Há pouco tempo, doação de órgãos e transplante não eram assunto para idosos. Por um lado, os seniores não eram vistos como potenciais doadores, porque os órgãos já eram considerados velhos e com baixa funcionalidade. Por outro, não eram também qualificados para receber um transplante porque o investimento não valia a pena devido ao pouco tempo de vida pela frente e pela alta taxa de rejeição nesse grupo. Felizmente, essas concepções ficaram ultrapassadas.
O Dia Mundial do Coração, 29 de setembro, mês em que também se realiza a campanha de conscientização para doação de órgãos, é uma boa data para celebrar as mudanças no paradigma (e nas diretrizes) para transplante cardíaco. Nos Estados Unidos, as diretrizes para transplante desse órgão, atualizadas após 10 anos do lançamento da primeira versão e publicadas em 2016 pela International Society for Heart Lung Transplantation, tiraram o critério de idade como fator excludente para receber um coração. Se antes a idade de 70 anos era vista como um critério absoluto para exclusão, hoje é considerada como relativo.
A diretriz recomenda que os pacientes acima dessa idade sejam selecionados cuidadosamente. Ela sugere ainda que sejam usados órgãos de doadores idosos, citando a que a recomendação segue nível de evidência C, classe IIb, ou seja, que a segurança e utilidade/eficácia não está muito bem estabelecida, com resultados em estudos com limitações.
A II Diretriz Brasileira de Transplante Cardíaco é a mais recente e foi publicada em 2010, ainda seguindo a recomendação de restringir a faixa etária. A prática, no entanto, começa a mudar, não apenas para o transplante de coração.
“Atualmente não se considera que a idade seja uma barreira importante. O que mais impacta são as condições gerais do candidato ao transplante, que ele não tenha outras doenças significativas que possam tornar o procedimento muito arriscado”, explica o nefrologista Roberto Manfro, presidente da Associação Brasileira de Transplante de Órgãos (ABTO).
Pesquisas mostram transplantes bem-sucedidos entre idosos
Se um dos motivos para a não realização de transplantes cardíacos em idosos era a alta taxa de insucesso por conta de rejeição, algumas pesquisas têm mostrado que esse argumento já não é mais válido, graças ao aumento da longevidade e da qualidade de vida nos anos avançados.
Há alguns estudos indexados no Pubmed que apontam que não há diferença de sobrevida e complicações entre pacientes transplantados com mais de 70 anos quando comparados a outros mais jovens. Um desses estudos foi publicado em 2011 no periódico Transplantation Proceedings, e analisou durante 20 anos mais de 500 pacientes pós-transplante cardíaco ortotópico (em que o coração é substituído por outro), dividindo-os em três grupos. Grupo 1, com 37 casos, pacientes acima dos 70 anos de idade. Grupo 2, com 206 casos, pacientes entre 60 e 69 anos. Grupo 3, com 276 pacientes com menos de 60 anos. Como resultado, não houve diferença significativa na taxa de sobrevivência entre os três grupos após 10 anos de procedimento. Assim como também não houve diferença significativa nos eventos secundários como sangramento, diálise pós-operatória e média de dias de intubação pós-cirúrgica.
Idosos também podem doar
Segundo as estatísticas sobre doadores de órgãos da ABTO, tem aumentado o número de doadores de órgãos acima dos 65 anos. Em 2017, entre os meses de janeiro e março, 10% dos doadores estavam acima dessa faixa etária. Isso foi possível, segundo Manfro, porque, além de os idosos hoje viverem com mais saúde, as técnicas, exames de avaliação e tratamentos evoluíram, possibilitando a inclusão desse grupo como doador.

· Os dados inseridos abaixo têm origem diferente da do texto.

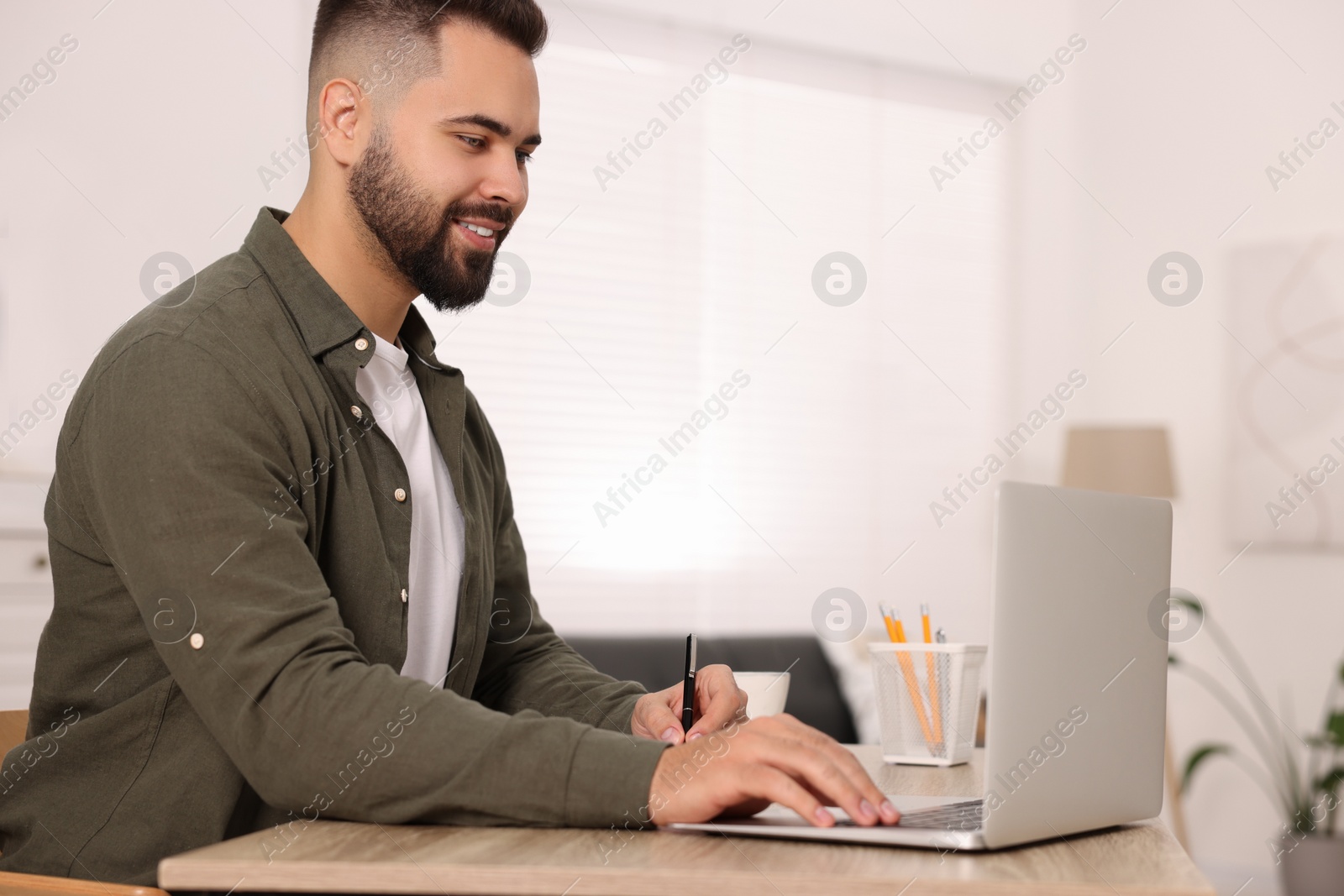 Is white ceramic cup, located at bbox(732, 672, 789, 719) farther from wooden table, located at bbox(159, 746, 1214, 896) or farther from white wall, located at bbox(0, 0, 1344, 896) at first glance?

“É crucial, no entanto, que as equipes médicas avaliem com segurança as condições dos órgãos para transplantes para que eles desempenhem uma boa função no receptor. E hoje isso é possível”, afirma.
Manfro diz que a entrada desse grupo etário entre os doadores é motivo de comemoração. “É uma grande contribuição que esses órgãos possam ser usados, e os transplantes têm sido exitosos.”
Sobre a principal barreira para o uso dos órgãos cujo doador seja um idoso, Manfro diz que não há diferença por conta da faixa etária. “Como para qualquer idade, é necessário o consentimento da família para a doação. E essa ainda é a principal dificuldade”, diz.